On 2023-06-21 19:55, Melissa Logan wrote:
Hello CommDev people:

Is there precedent at ASF for a community-run MVP program? If not, would
anyone like to collaborate on this to help provide guidance to ASF
projects? And is CommDev the right place?

In a recent Cassandra Marketing Working Group meeting (1) we discussed the
idea of a community-hosted MVP program that adheres to ASF governance. MVP
programs reward people who are actively contributing to/promoting a project
by designating them as "MVPs" and listing them on community channels (e.g.
project website). It's a great way to get people onboarded/involved,
recruit committers, and grow awareness for a project. This would also
create more opportunities for non-code contributions to a project.

MVP would be a non-governing body (2); one would need to re-apply or be
nominated annually.

Each PMC would have to approve of the MVP program and be part of the MVP
Committee to select MVPs each year. For the first year, the committee
would include at least one PMC member, 3-5 active contributors that will be
selected by the PMC member(s), and a program lead. In subsequent years, the
committee would include PMC member(s), previous MVPs, and a program lead.

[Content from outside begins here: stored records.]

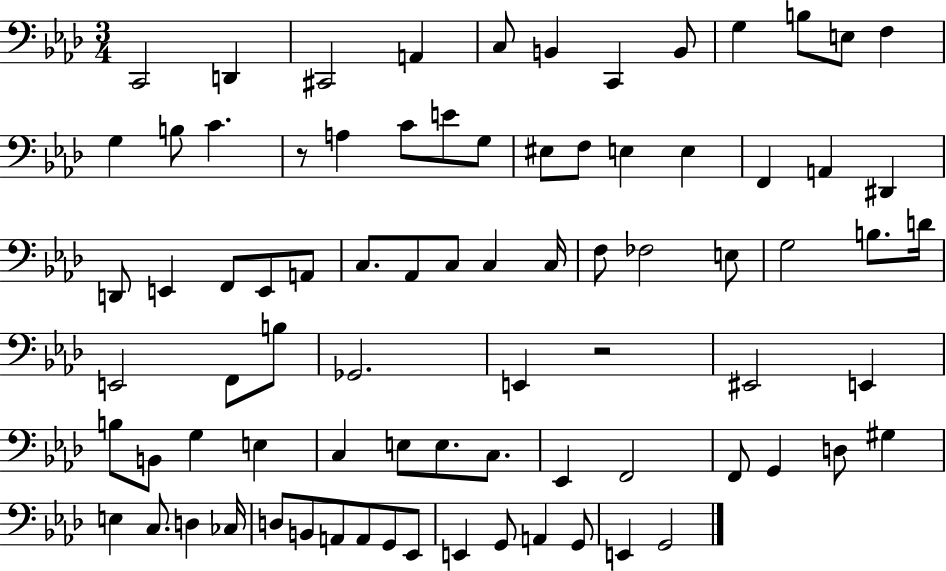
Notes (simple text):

C2/h D2/q C#2/h A2/q C3/e B2/q C2/q B2/e G3/q B3/e E3/e F3/q G3/q B3/e C4/q. R/e A3/q C4/e E4/e G3/e EIS3/e F3/e E3/q E3/q F2/q A2/q D#2/q D2/e E2/q F2/e E2/e A2/e C3/e. Ab2/e C3/e C3/q C3/s F3/e FES3/h E3/e G3/h B3/e. D4/s E2/h F2/e B3/e Gb2/h. E2/q R/h EIS2/h E2/q B3/e B2/e G3/q E3/q C3/q E3/e E3/e. C3/e. Eb2/q F2/h F2/e G2/q D3/e G#3/q E3/q C3/e. D3/q CES3/s D3/e B2/e A2/e A2/e G2/e Eb2/e E2/q G2/e A2/q G2/e E2/q G2/h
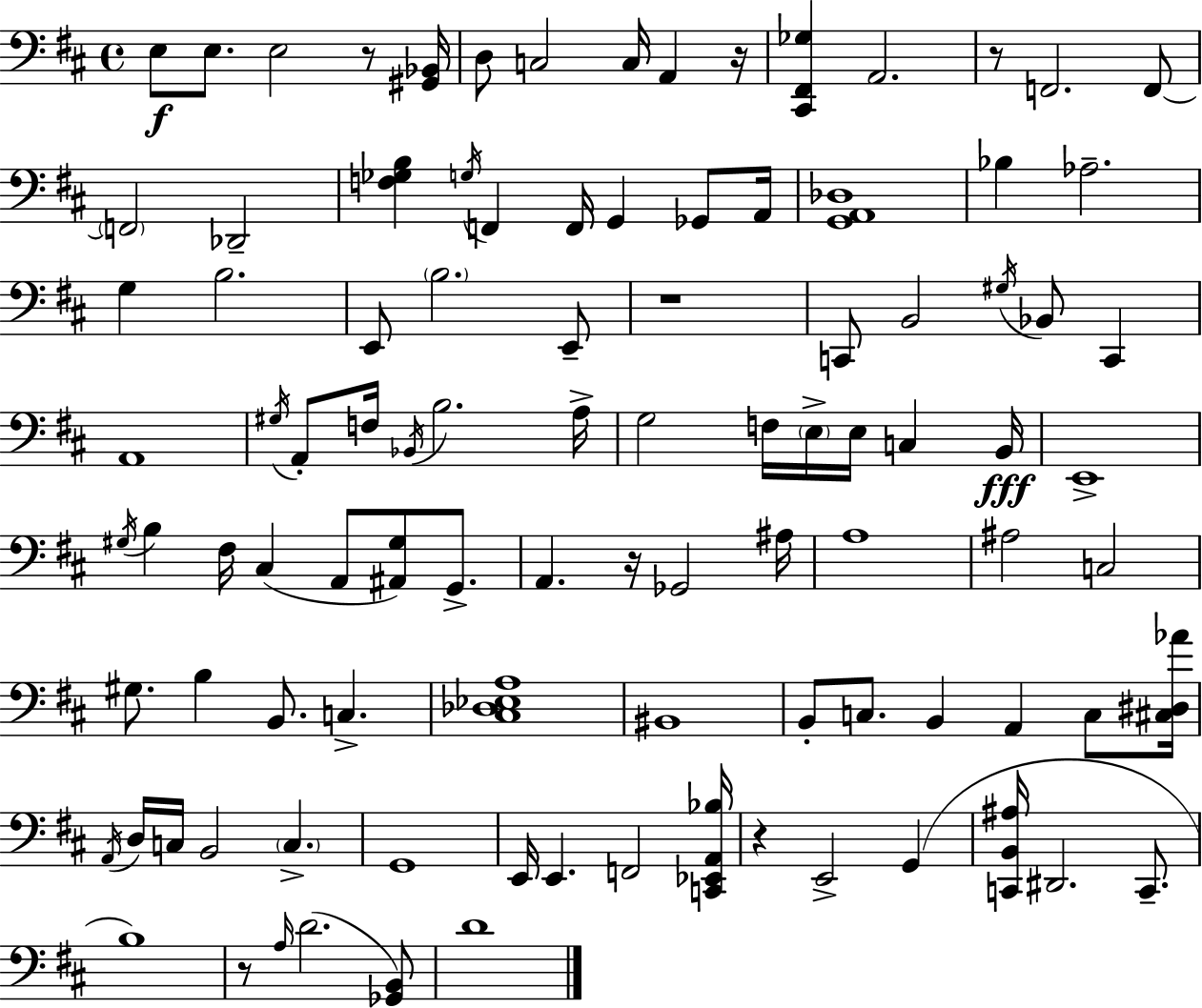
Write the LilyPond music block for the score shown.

{
  \clef bass
  \time 4/4
  \defaultTimeSignature
  \key d \major
  \repeat volta 2 { e8\f e8. e2 r8 <gis, bes,>16 | d8 c2 c16 a,4 r16 | <cis, fis, ges>4 a,2. | r8 f,2. f,8~~ | \break \parenthesize f,2 des,2-- | <f ges b>4 \acciaccatura { g16 } f,4 f,16 g,4 ges,8 | a,16 <g, a, des>1 | bes4 aes2.-- | \break g4 b2. | e,8 \parenthesize b2. e,8-- | r1 | c,8 b,2 \acciaccatura { gis16 } bes,8 c,4 | \break a,1 | \acciaccatura { gis16 } a,8-. f16 \acciaccatura { bes,16 } b2. | a16-> g2 f16 \parenthesize e16-> e16 c4 | b,16\fff e,1-> | \break \acciaccatura { gis16 } b4 fis16 cis4( a,8 | <ais, gis>8) g,8.-> a,4. r16 ges,2 | ais16 a1 | ais2 c2 | \break gis8. b4 b,8. c4.-> | <cis des ees a>1 | bis,1 | b,8-. c8. b,4 a,4 | \break c8 <cis dis aes'>16 \acciaccatura { a,16 } d16 c16 b,2 | \parenthesize c4.-> g,1 | e,16 e,4. f,2 | <c, ees, a, bes>16 r4 e,2-> | \break g,4( <c, b, ais>16 dis,2. | c,8.-- b1) | r8 \grace { a16 }( d'2. | <ges, b,>8) d'1 | \break } \bar "|."
}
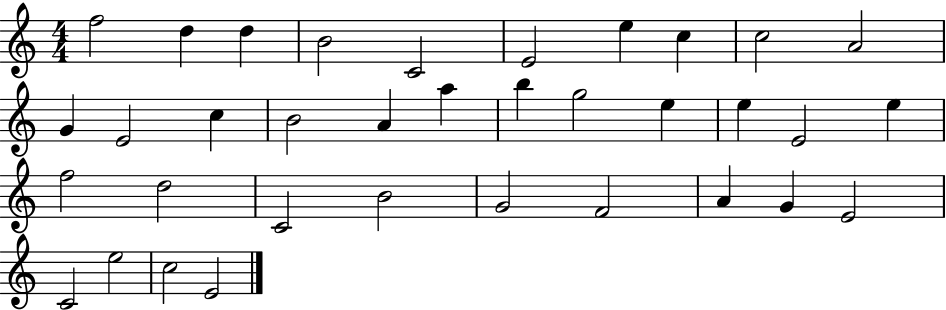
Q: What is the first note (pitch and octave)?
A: F5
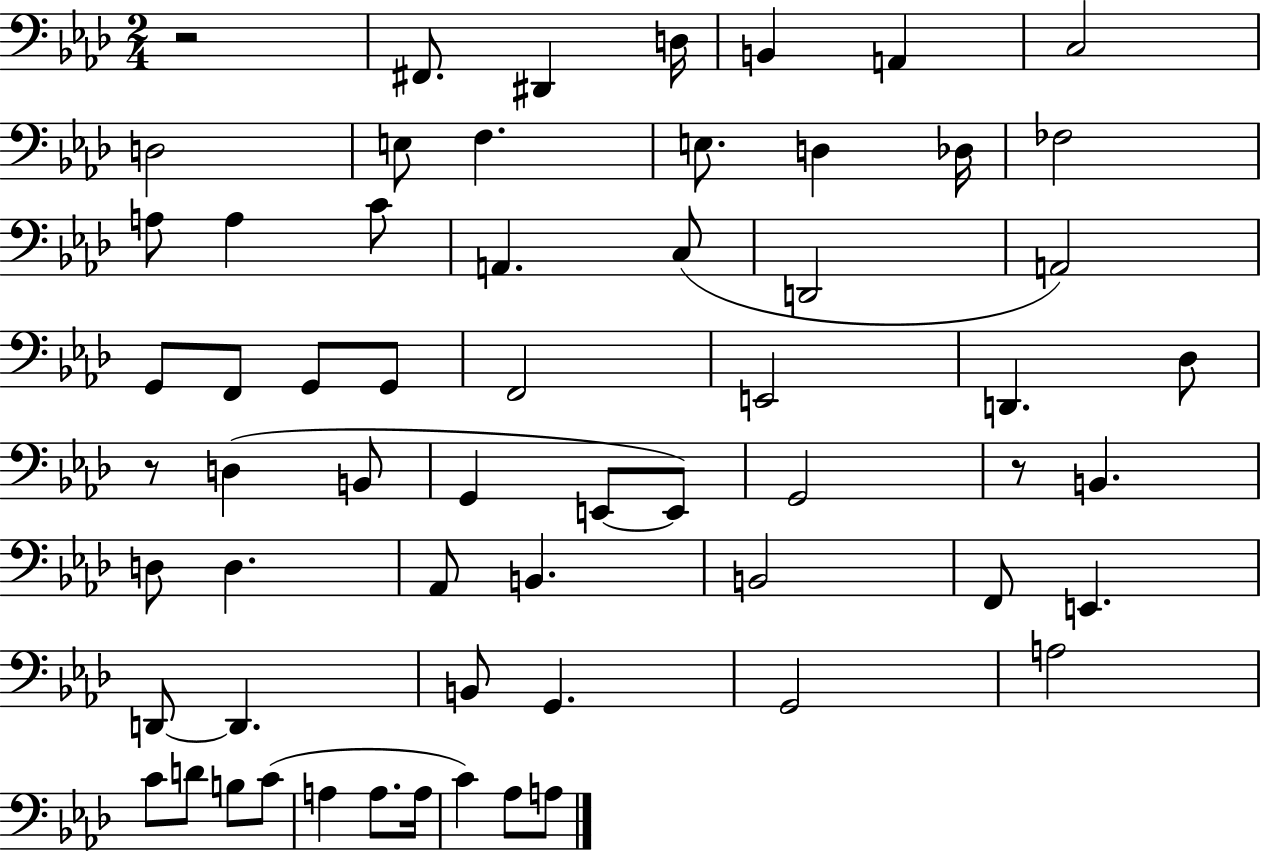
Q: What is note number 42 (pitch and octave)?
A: E2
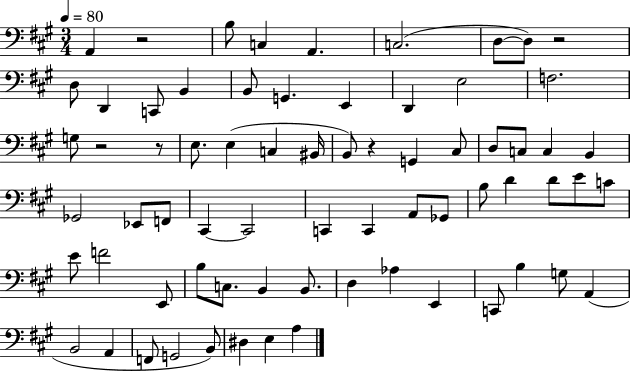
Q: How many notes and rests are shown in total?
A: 70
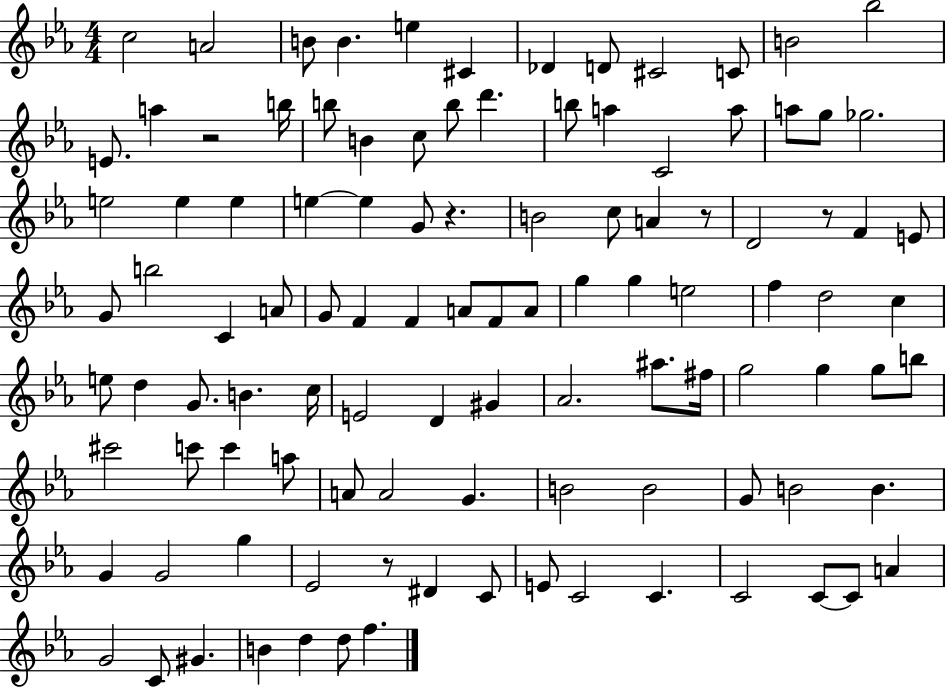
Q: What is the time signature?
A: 4/4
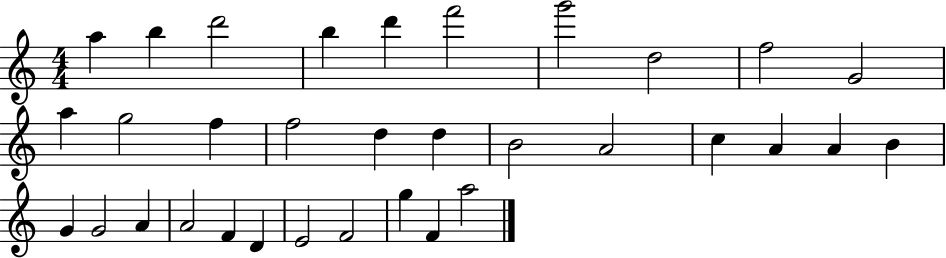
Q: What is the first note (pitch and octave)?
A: A5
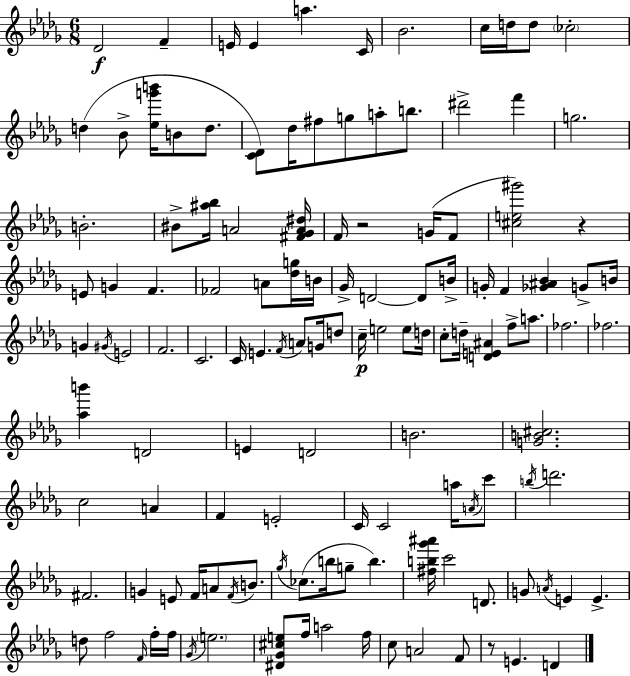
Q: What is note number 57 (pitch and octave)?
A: E5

Doc below (3); feedback would be much appreciated. If you can't access it,
let me know and I'll find another way to share. Thank you!

(1) https://cwiki.apache.org/confluence/display/CASSANDRA/2023-06-07+Meeting
(2) https://www-paulau.staged.apache.org/foundation/governance/
(3)
https://docs.google.com/document/d/19sExbQFMBvEJPjE_YaZNZAp54I14Ez0sooybqm800qA/edit#


I have no problem with badges/milestones or other "egalitarian" approaches to recognize merits, and I do believe there has been some talks in comdev earlier about some sort of universal badge system for committers as a fun (emphasis on fun!) community challenge.

I do however strongly dislike the term "MVP", I find it in the same category as "rock star developer" or "10x engineer". Not alone does it very clearly favor those that work professionally on a project as part of their dayjob (as opposed to the hobbyists that essentially founded this foundation), it is also quite often extremely myopic. How does one define an MVP? Most commits/PRs? or is it most work done relative to the time allotted? absolute effort or effort relative to skill set? How does development stack up against envangelism?

While you can form a group to work out the process, the end result, the "MVP" title will always be misleading unless you have tens of footnotes explaining what it really means.

My two cents would be to stick to a simpler, less opinionated recognition system if a project really must have one. Have the badge or achievement title strictly refer to the achievement criteria - nothing less, nothing more.